If you can find local figure-drawing sessions to attend, that’s a good start. Traditionally, figure drawing is done with a nude model to enable study of the human form. Clothing adds another degree of complexity and obscures the forms underneath. Drawing from a model with or without clothing is beneficial in different ways, though knowing what is underneath a garment is essential for understanding how it hangs or folds and why. By applying this knowledge, you can make your drawings more credible and grounded in reality. Seek out clothed or nude models based on your preferred area of study.
When no open session is available, hire a model yourself or ask a friend or relative to pose for you. People you know well are often more difficult to draw, as you can be harder on yourself if the likeness is not right. But if you’re interested in the appearance of your subject, you will be more enthusiastic about drawing them.
Much has been written elsewhere about human proportions, and, since the chief concern here is bringing life to your drawing, I’ll only touch on the basics of the subject. Observation will help you both to discover these fundamentals for yourself and to allow you to build upon them perpetually. For some, a structural underdrawing is helpful for planning a figure on the page and for maintaining good proportions. As mentioned before, it’s still possible to achieve this effect in ink with a dry brush, so don’t let the permanency of the medium scare you away.

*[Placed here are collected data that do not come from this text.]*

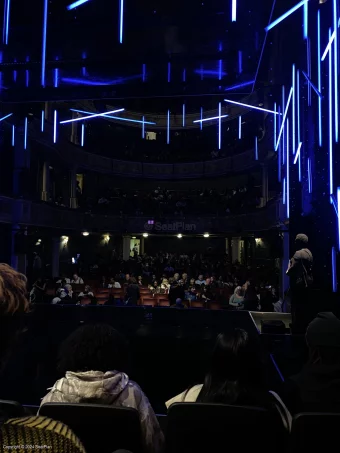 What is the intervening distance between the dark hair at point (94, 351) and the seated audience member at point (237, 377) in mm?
592

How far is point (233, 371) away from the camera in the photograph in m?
2.02

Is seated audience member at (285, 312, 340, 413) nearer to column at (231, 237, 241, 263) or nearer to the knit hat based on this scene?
the knit hat

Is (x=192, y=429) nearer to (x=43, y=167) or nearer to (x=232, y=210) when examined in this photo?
(x=43, y=167)

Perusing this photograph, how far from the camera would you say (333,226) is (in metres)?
6.09

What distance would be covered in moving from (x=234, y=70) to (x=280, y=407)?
322 inches

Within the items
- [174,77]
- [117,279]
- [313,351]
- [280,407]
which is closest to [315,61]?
[174,77]

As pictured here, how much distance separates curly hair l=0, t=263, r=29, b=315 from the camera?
108 cm

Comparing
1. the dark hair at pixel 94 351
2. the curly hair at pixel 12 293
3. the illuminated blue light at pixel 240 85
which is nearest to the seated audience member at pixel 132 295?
the illuminated blue light at pixel 240 85

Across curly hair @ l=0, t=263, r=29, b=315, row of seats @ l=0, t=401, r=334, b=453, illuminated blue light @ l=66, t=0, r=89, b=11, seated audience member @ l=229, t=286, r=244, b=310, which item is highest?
illuminated blue light @ l=66, t=0, r=89, b=11

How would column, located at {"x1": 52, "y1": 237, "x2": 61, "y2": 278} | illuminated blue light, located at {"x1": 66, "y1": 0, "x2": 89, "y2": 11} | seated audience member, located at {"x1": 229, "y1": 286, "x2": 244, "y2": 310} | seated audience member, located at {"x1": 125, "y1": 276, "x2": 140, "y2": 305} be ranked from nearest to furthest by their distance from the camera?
illuminated blue light, located at {"x1": 66, "y1": 0, "x2": 89, "y2": 11}, seated audience member, located at {"x1": 229, "y1": 286, "x2": 244, "y2": 310}, seated audience member, located at {"x1": 125, "y1": 276, "x2": 140, "y2": 305}, column, located at {"x1": 52, "y1": 237, "x2": 61, "y2": 278}

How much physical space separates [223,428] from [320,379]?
0.74 meters

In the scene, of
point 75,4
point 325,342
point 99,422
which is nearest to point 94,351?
point 99,422

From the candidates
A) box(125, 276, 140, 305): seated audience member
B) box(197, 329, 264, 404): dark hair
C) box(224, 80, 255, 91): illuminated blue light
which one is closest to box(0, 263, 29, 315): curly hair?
box(197, 329, 264, 404): dark hair

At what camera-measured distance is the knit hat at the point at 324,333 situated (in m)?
2.20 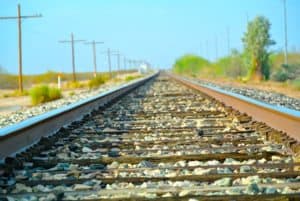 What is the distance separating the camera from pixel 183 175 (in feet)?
14.8

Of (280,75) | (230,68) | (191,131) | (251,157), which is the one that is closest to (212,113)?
(191,131)

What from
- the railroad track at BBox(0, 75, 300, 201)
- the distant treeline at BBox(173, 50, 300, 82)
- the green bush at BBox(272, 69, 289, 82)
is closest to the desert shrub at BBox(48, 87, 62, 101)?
the distant treeline at BBox(173, 50, 300, 82)

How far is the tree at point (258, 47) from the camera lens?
5497cm

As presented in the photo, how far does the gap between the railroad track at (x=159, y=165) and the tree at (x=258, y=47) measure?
151ft

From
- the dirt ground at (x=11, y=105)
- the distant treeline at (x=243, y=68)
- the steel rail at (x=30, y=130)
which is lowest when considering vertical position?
the dirt ground at (x=11, y=105)

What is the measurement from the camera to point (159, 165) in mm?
5168

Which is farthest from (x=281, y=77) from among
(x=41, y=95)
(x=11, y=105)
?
(x=11, y=105)

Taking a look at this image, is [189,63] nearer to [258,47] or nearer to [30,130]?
[258,47]

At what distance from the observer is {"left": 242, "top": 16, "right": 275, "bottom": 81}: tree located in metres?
55.0

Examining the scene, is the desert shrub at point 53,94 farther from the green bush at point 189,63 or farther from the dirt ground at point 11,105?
the green bush at point 189,63

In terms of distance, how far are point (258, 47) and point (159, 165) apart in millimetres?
53287

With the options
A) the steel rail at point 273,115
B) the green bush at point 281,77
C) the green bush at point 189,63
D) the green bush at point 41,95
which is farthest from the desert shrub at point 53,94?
the green bush at point 189,63

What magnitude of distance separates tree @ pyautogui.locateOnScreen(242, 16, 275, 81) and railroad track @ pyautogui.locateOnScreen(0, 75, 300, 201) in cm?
4617

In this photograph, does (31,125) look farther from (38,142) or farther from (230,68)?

Basic anatomy is important when drawing a figure. A good understanding of the structure of the body and how its muscles, bones, and fatty parts interweave can help make your drawings convincing. However, try not to get bogged down with the minutiae of memorizing countless bones and muscles, or of trying to include them all in every drawing. Excessive detail can drown out a good figure drawing. Fussing too much over anatomy is often the reason why drawings appear overworked. It’s helpful to remember the big structures and how they interlock with other body parts, and to allow time for further inspection of areas that you don’t understand.